Sulla visita del poeta a Carrara si sono date diverse versioni: quella vera, alla quale ci rifacciamo, fu fissata da Ettore Cozzani, allora giovane, sulle pagine de La Tribuna, uno dei giornali più noti del tempo. Anni ed anni dopo lo stesso Cozzani la rievocò su Aronte. Nel 1907 alle cave si preparava una «varata» eccezionale. Data l’importanza, non solo tecnica ma anche spettacolare, dell’evento, si pensò di invitare un grande scrittore perché ne traesse motivi di ispirazione. La scelta cadde su D’Annunzio. I versi su Carrara e le sue cave, scaturiti dalla circostanza, sono arcinoti: riportiamo la quartina, forse, meno ricordata:
Arce del marmo, in te rinvenni i segni
che t’impresse la forza dei Romani;
sculti al sommo adorai gli Iddii pagani;
e dissi: «O Roma nostra, ovunque regni!».

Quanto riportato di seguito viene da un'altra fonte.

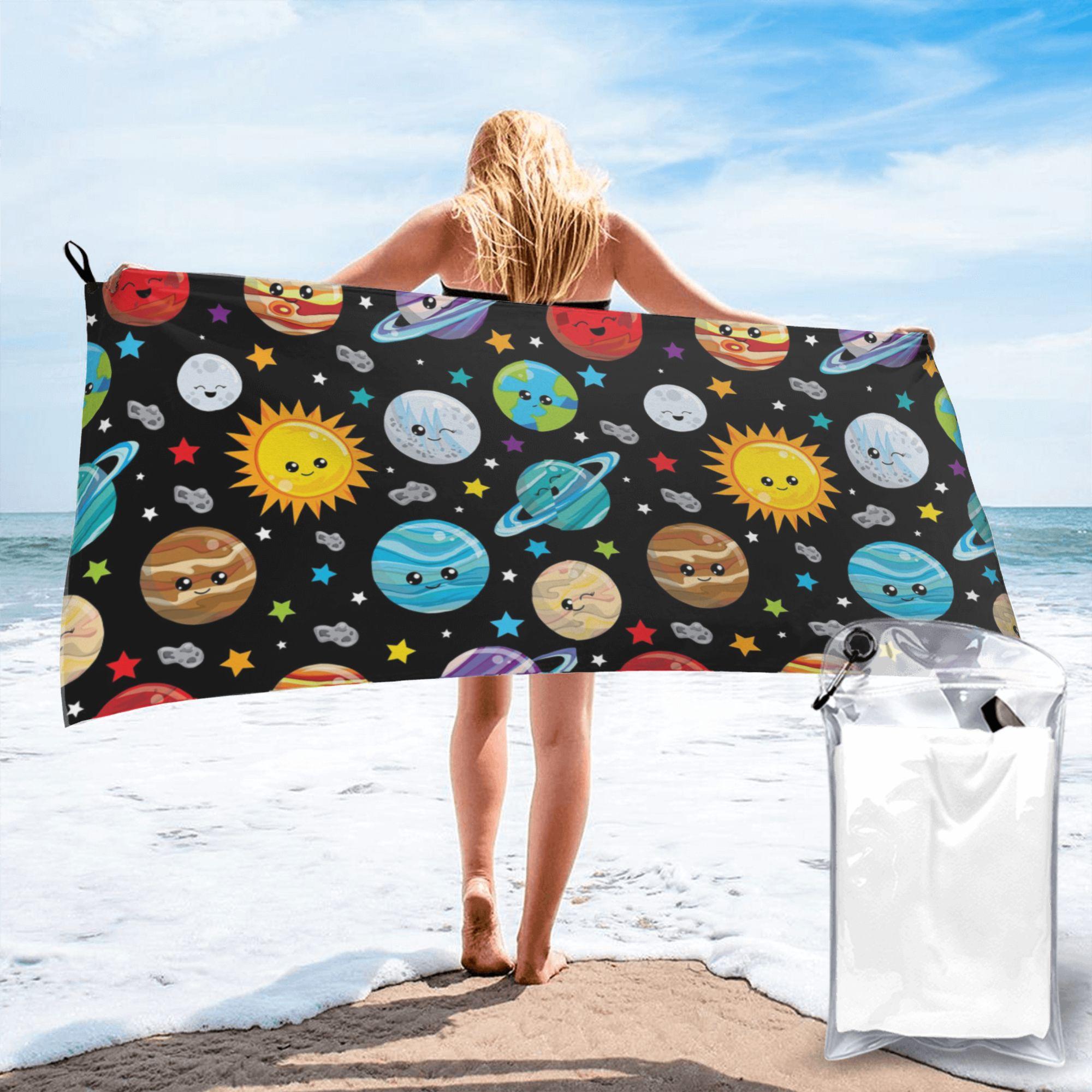 Kawaii Planets Cute solar system Beach Towel Soft Microfiber Quick Dry Absorbent Quick Towels For Bath W40*H60(CM)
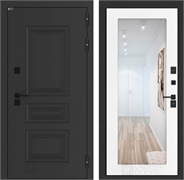 Входные двери Аляска лайт с терморазрывом с Зеркалом 18 - Белое дерево 55601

Di Carrara D’Annunzio trova modo di parlare anche nell’opera teatrale «Gioconda», facendo recitare ad un personaggio il brano che segue:
«... omissis... La sua bellezza vive in tutti i marmi. Questo sentii, con un’ansietà fatta di rammarico e di fervore, un giorno a Carrara, mentre ella m’era accanto e guardavamo discendere dall’alpe quei grandi buoi aggiogati che trascinavano già le carra dei marmi. Un aspetto della sua perfezione era chiuso per me in ciascuno di quei massi informi. Mi pareva che si partissero dai lei, verso il minerale bruto, mille faville animatrici come da una torcia scossa. Dovevamo scegliere un blocco. Ricordo: era una giornata serena. I marmi deposti risplendevano al sole come le nevi eterne. Udivamo di tratto in tratto il rombo delle mine che squarciavano le viscere alla montagna taciturna. Non dimenticherei quell’ora, anche se morissi un’altra volta... omissis...».